Tuesday, October 7, 2014


So, obviously I have not gotten around to any of the things I thought I would have done by now.

The spoken learner corpus is still very far off and I haven't yet added the written data from last semester.

However, now that the KOTESOL conference is behind me and I'm settling into the routines of having a second child (yay for me!), I hope to have the new, larger version of the GLC up in a few days...maybe by the weekend.

Saturday, March 15, 2014

Status of Spoken Learner Corpus

Well, it's halfway into March, and I still haven't completed transcribing and sorting the first version of the spoken corpus yet.

Sorry to any out there who might be waiting for it.

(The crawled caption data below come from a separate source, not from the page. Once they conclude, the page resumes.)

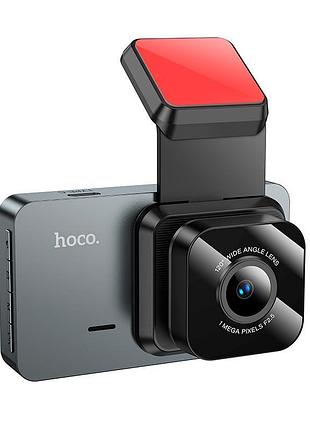 Відеореєстратор hoco driving recorder dv9 |720p/30fps, 3" lcd| 4958572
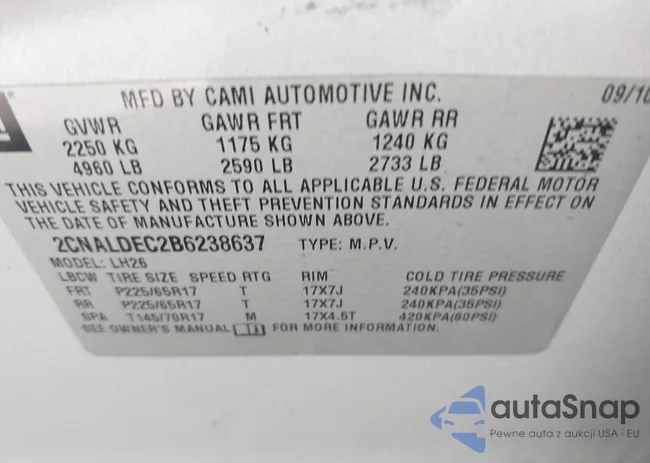 2CNALDEC2B6238637: 40411657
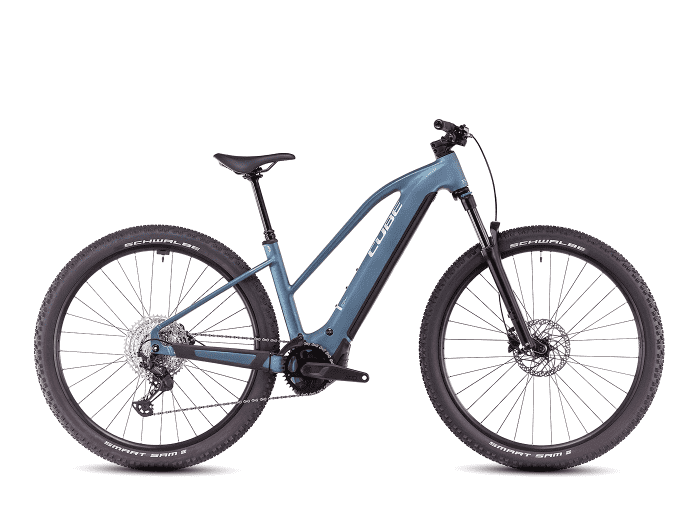 Foto: CUBE Reaction Hybrid Pro 800 E-Bike MTB Hardtail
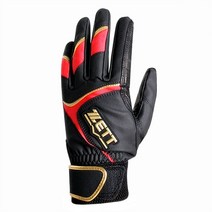 야구글러브 투수 포수 내야 외야 글러브 [9이닝 ] 일본 제토 ZETT, 09 블랙 레드，소년JL호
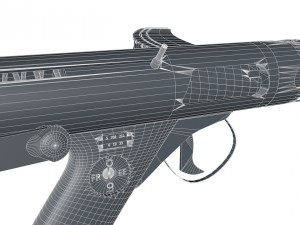 sterling Modello 3D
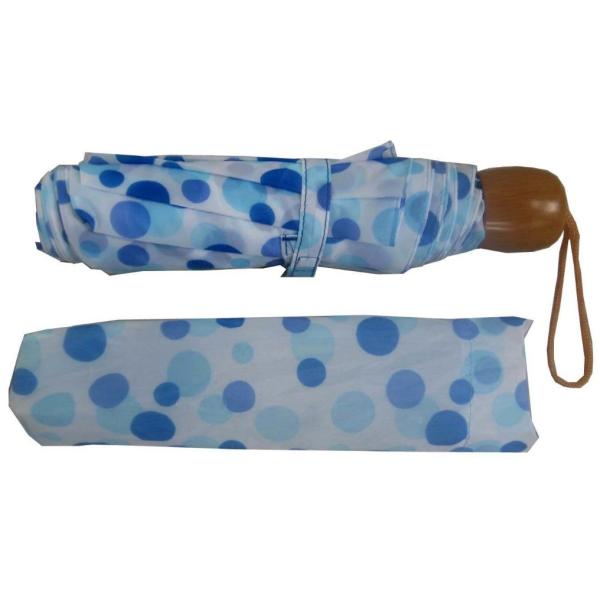 Подгонянный зонтик компактного мини кармана руководства логотипа складной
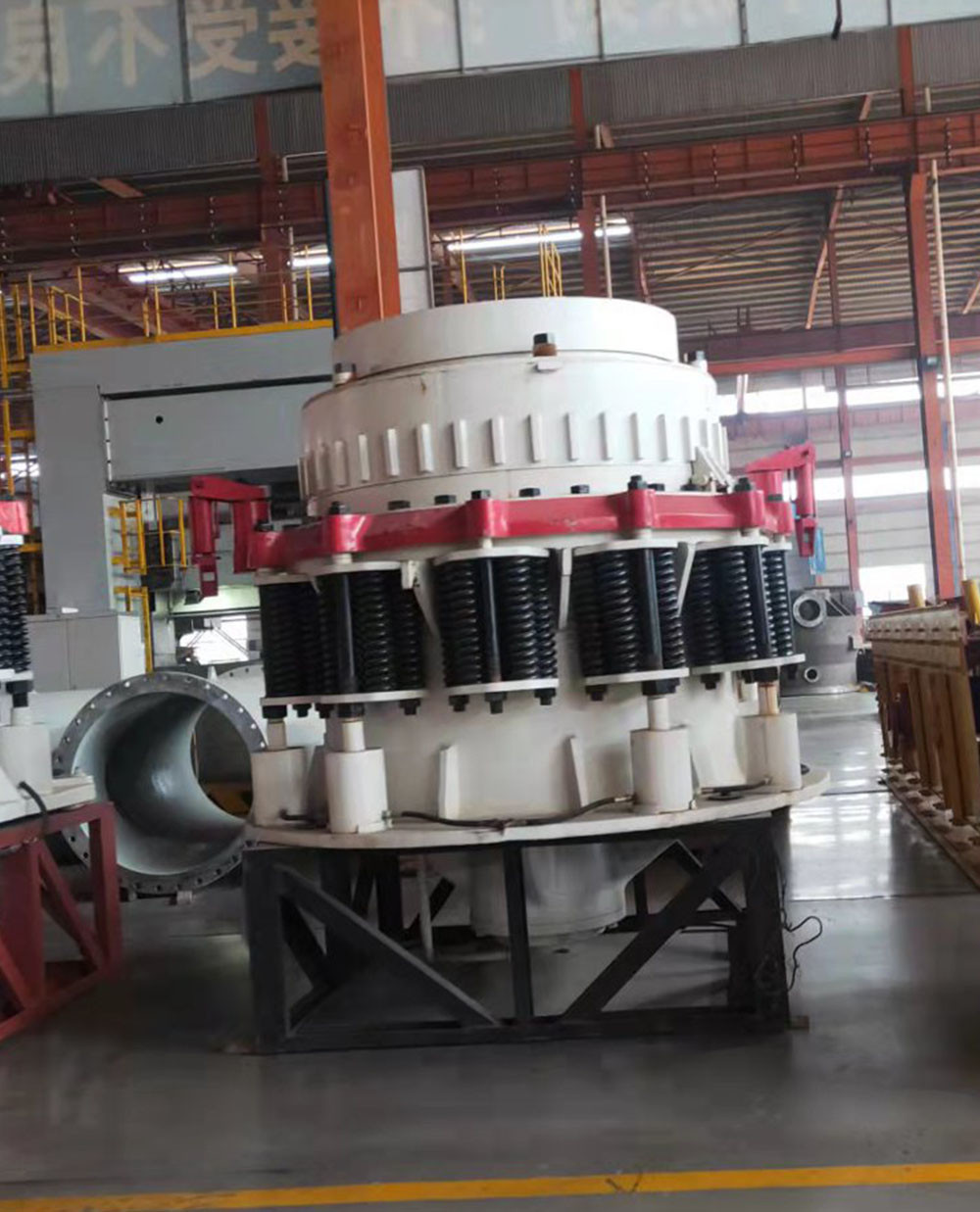 Spring Cone Crusher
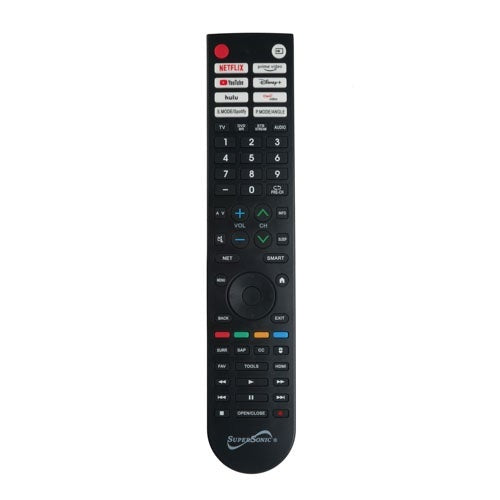 UNIVERSAL REMOTE CONTROL FOR SMART TV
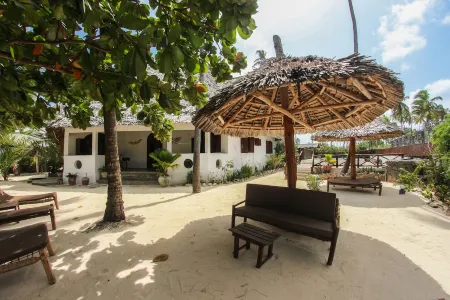 Kipepeo Lodge Zanzibar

To be honest, I'm not sure when it will be done. The two weeks during the winter break I was going to use to complete the project were lost to unforeseeable troubles completely unrelated to the project.

Now, we are full-swing into the spring semester and I'm swamped with work. I have six classes this semester with a total of around 160 students. That's a lot of marking and classroom management to be done. On top of that, I am conducting a very large DDL/Student Concordancing experiment with two other professors this semester which takes up a lot of time (but will be worth it...it's the largest experiment of this kind ever done!). On top of that top, I've got to edit my conference proceedings submission from last year's KOTESOL conference and get my proposal done for next year's (it's gonna be on, you guessed it: DDL). Finally, I'm taking an EdX course on statistics which is hopefully gonna reinforce that I actually understand what all those numbers coming out of SPSS mean.

In any case, I don't expect to post the spoken corpus until sometime this summer.

But, there will be a new version of the written corpus out just after this semester ends. We might finally get to 2 million words. We already have the largest corpus of English produced by Korean learners (by far). My goal is to keep pushing and hopefully inspire others to keep producing larger corpora...and give them away for free.

These things really shouldn't be sold. Not when it costs so little to make them and so few of us love them enough to use them in our research.

Sunday, January 5, 2014

GLC 2.1 Text Files from Jae-Woong Choe

I've uploaded a nice gift from Jae-Woong Choe, a professor in the Department of Linguistics at Korea University.

He has created individual text files for each of the texts in the current corpus along with more accurate token counts for the overall corpus.

You can download these files here.

Many thanks to him for creating these files!